=== Task ===
Begin with the line that contains "Dalek // Treasure" and transcribe each line after it, up to and including the last line of the listing below.

======== Available data ========

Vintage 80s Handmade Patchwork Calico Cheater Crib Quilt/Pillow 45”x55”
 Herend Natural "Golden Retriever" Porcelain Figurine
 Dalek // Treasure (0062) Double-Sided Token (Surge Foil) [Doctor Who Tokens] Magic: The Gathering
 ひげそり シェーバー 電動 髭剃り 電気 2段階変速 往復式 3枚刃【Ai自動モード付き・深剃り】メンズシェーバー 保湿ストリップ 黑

========

=== Written response ===
 Dalek // Treasure (0062) Double-Sided Token (Surge Foil) [Doctor Who Tokens] Magic: The Gathering
 ひげそり シェーバー 電動 髭剃り 電気 2段階変速 往復式 3枚刃【Ai自動モード付き・深剃り】メンズシェーバー 保湿ストリップ 黑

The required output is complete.